» **Exercise instructions**
Leave out the pictures and output the data verbatim.

» **Data shown**
.....

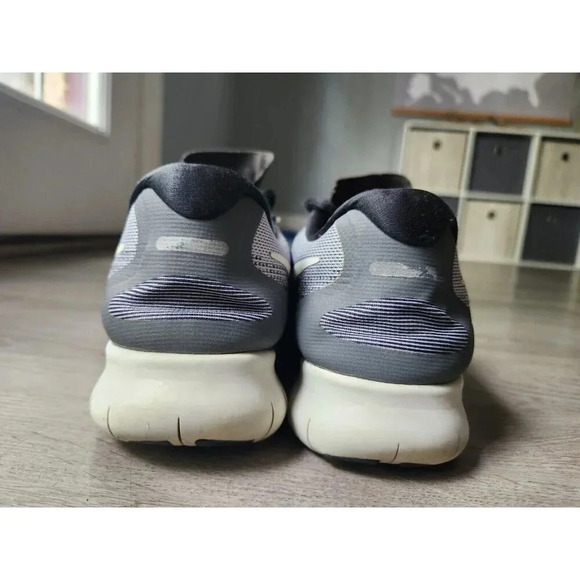 Nike Free rn flyknit running sneakers gym athletic athleisure workout men 8.5 - Picture 2 of 8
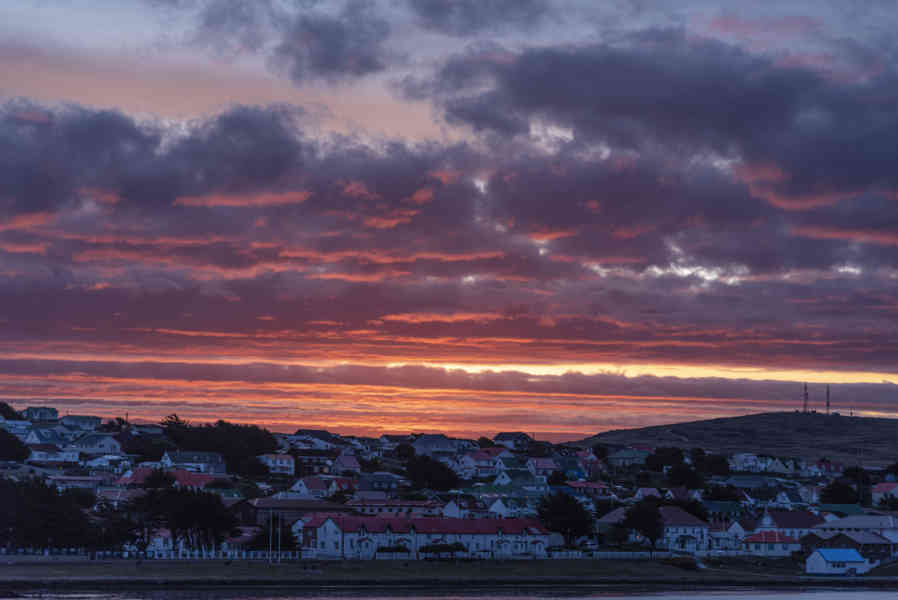Islas Falkland o Malvinas 046 - Port Stanley - atardecer.jpg
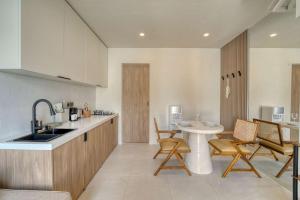 Casa Sol & Luna 1BR Escape in Nyang Nyang, Uluwatu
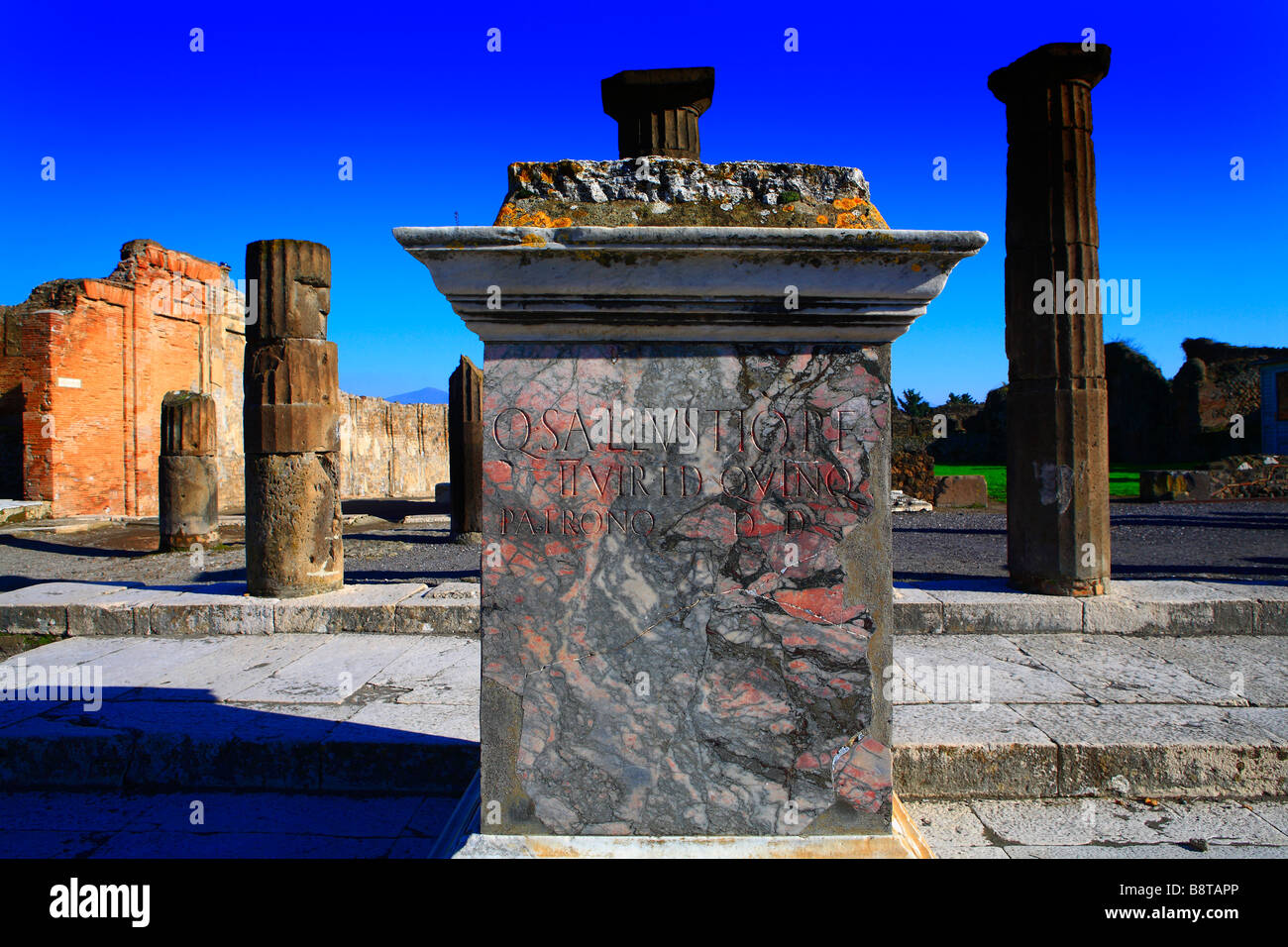 Casts Of Bodies Of Pompeii Hi-res Stock Photography And Images - Alamy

.....

» **Written answer**
 Nike Free rn flyknit running sneakers gym athletic athleisure workout men 8.5 - Picture 2 of 8
Islas Falkland o Malvinas 046 - Port Stanley - atardecer.jpg
 Casa Sol & Luna 1BR Escape in Nyang Nyang, Uluwatu
 Casts Of Bodies Of Pompeii Hi-res Stock Photography And Images - Alamy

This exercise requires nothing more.